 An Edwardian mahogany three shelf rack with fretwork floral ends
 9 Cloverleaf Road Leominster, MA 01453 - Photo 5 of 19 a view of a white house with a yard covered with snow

---

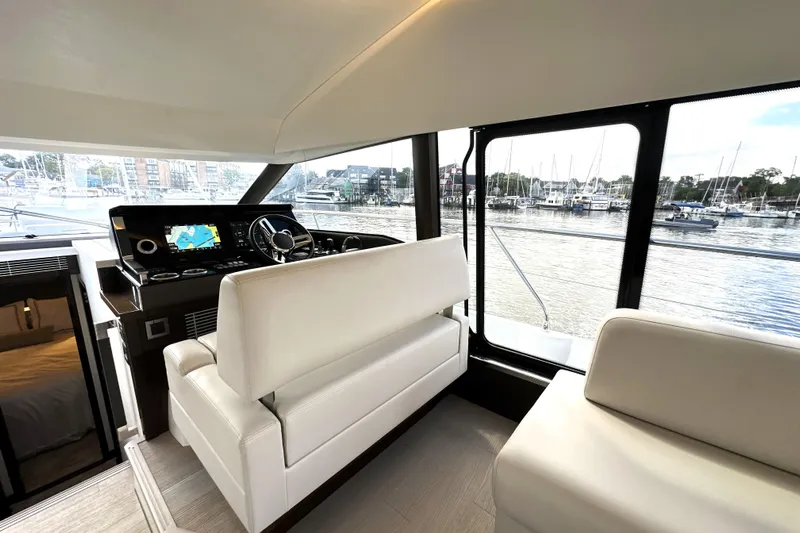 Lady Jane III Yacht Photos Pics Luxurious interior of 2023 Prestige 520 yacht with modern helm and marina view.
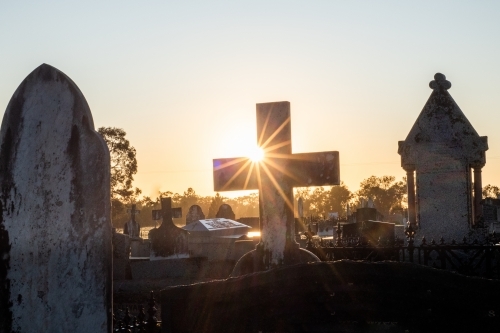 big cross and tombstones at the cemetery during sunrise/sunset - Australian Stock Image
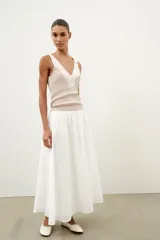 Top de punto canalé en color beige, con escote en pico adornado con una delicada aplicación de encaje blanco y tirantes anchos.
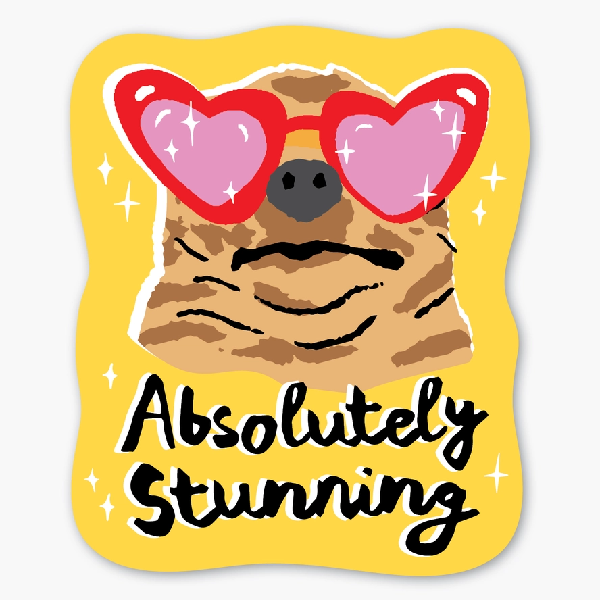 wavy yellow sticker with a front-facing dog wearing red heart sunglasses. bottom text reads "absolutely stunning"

→ What is required
Reproduce exactly the section above that begins at the line containing "An Edwardian mahogany" and ends at the line containing "9 Cloverleaf Road", leaving out all other lines.

→ Output of the task
 An Edwardian mahogany three shelf rack with fretwork floral ends
 9 Cloverleaf Road Leominster, MA 01453 - Photo 5 of 19 a view of a white house with a yard covered with snow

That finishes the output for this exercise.